Saturday, June 12, 2010

Semiotik Oleh ” Kurnia Setiawan, S.Sn, M.Hum, C.He.”

Created By: Septiyani (915070204)

Istilah semiotik yang berasal dari kata Yunani seme; semeiotikos; penafsir tanda

yang berarti ‘tanda’‘sign’ (Panuti Sudjiman & Aart van Zoest, 1992). Tanda bisa terdapat dimana-mana, misalnya : lampu lalu lintas, bendera, karya sastra, bangunan dan lain-lain.
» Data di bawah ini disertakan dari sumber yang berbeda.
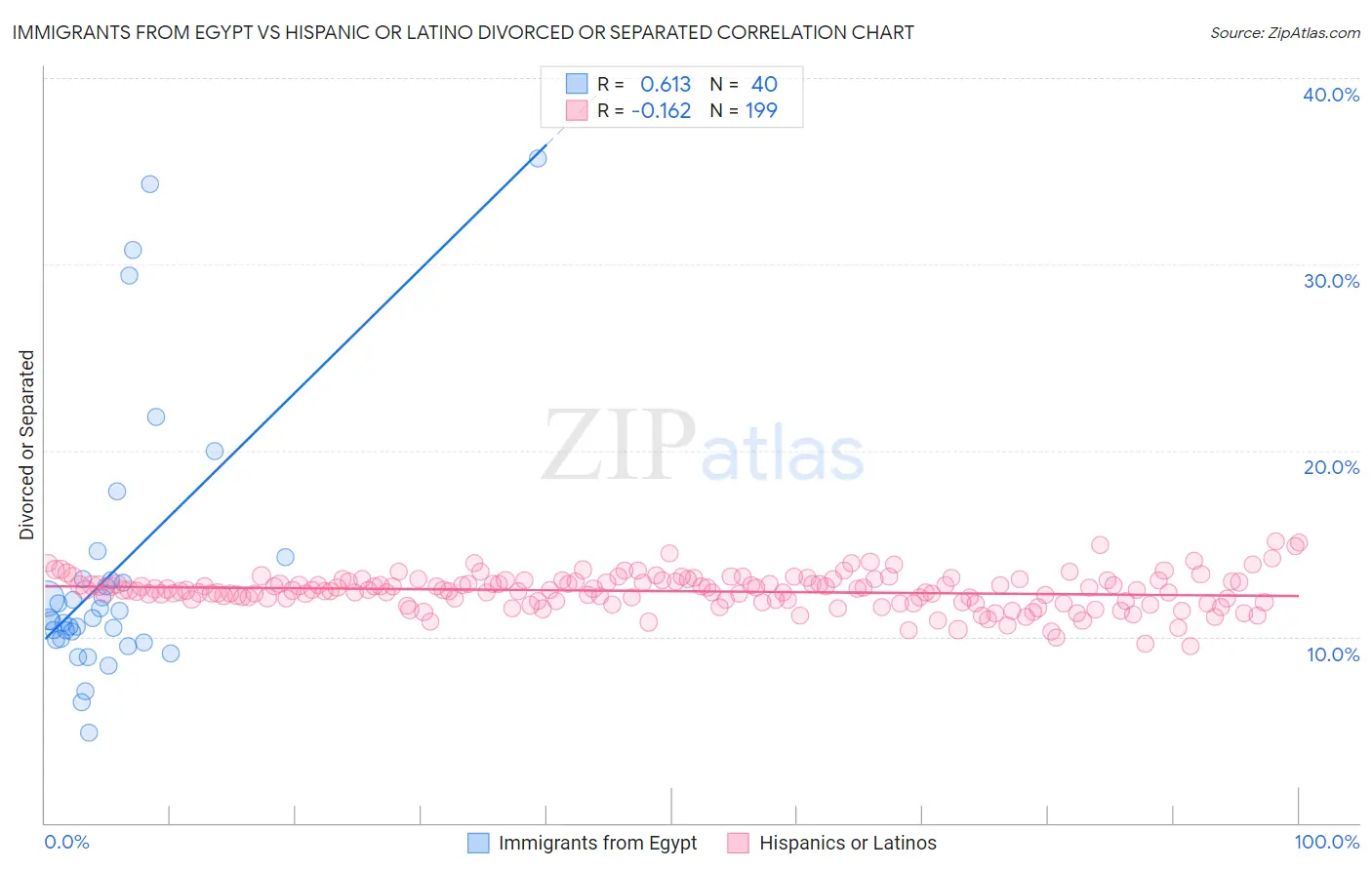 Immigrants from Egypt vs Hispanic or Latino Divorced or Separated
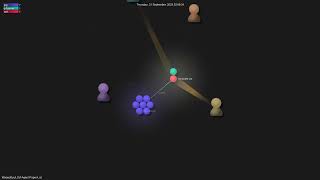 Celebrity WooooDyy/LLM-Agent-Paper-List - Gource visualisation Net Worth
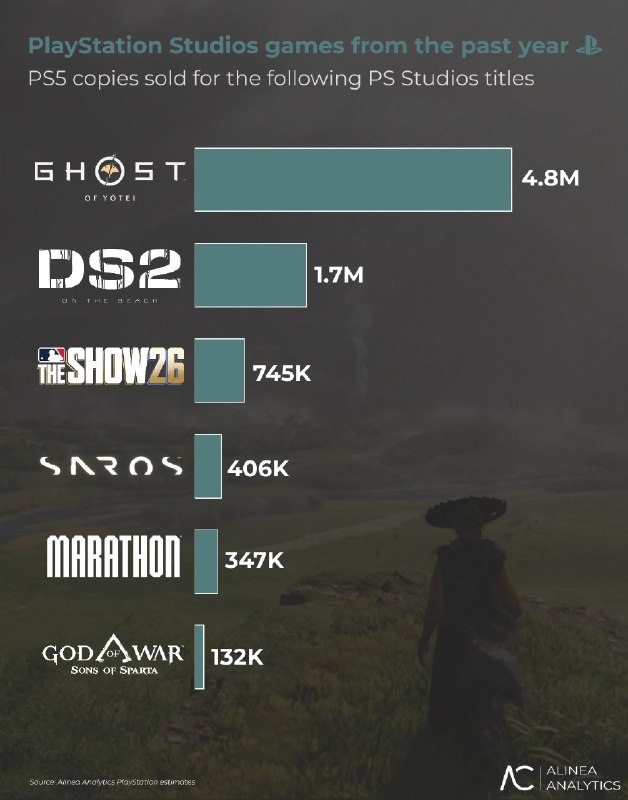 市场分析公司 Alinea Analytics 发布了其对索尼 PlayStation Studios 游戏过去一年销量的预估（仅限PS5不含跨平台）：羊蹄山累计销量480万份，收入近3.5亿美元死亡搁浅2销量170万份，收入1.16亿美元Saros销量40.6万份，收入为3000万美元马拉松销量34.7万份战神：斯巴达之子销量为13.2万份，收入近400万美元▎Source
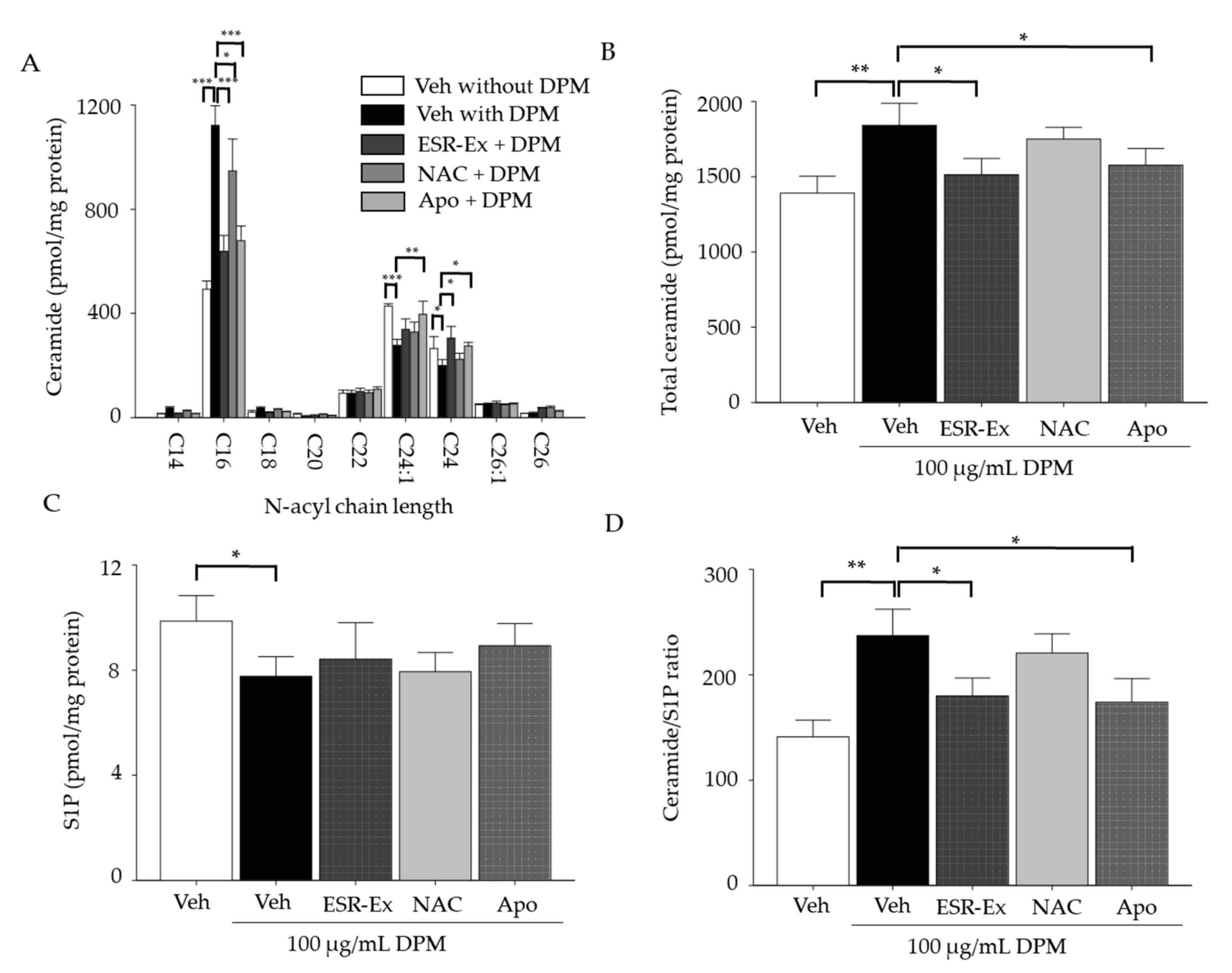 Pharmaceuticals 15 00431 g003 Pharmaceuticals 15 00431 g003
Hal ini disebabkan manusia adalah Homo Semioticus, yaitu manusia mencari arti pada barang-barang dan gejala-gejala yang mengelilinginya (Aart van Zoest, 1978 dan Lavers, t.th.)

Semiotika moderen mempunyai dua orang pelopor, yaitu Charles Sanders Peirce (1839-1914) dan Ferdinand de Saussure. Pierce mengusulkan kata semiotika untuk bidang penelaahan ini, sedangkan Saussure memakai kata semiologi. Sebenarnya kata semiotika tersebut telah digunakan oleh para ahli filsafat Jerman bernama Lambert pada abad XVIII.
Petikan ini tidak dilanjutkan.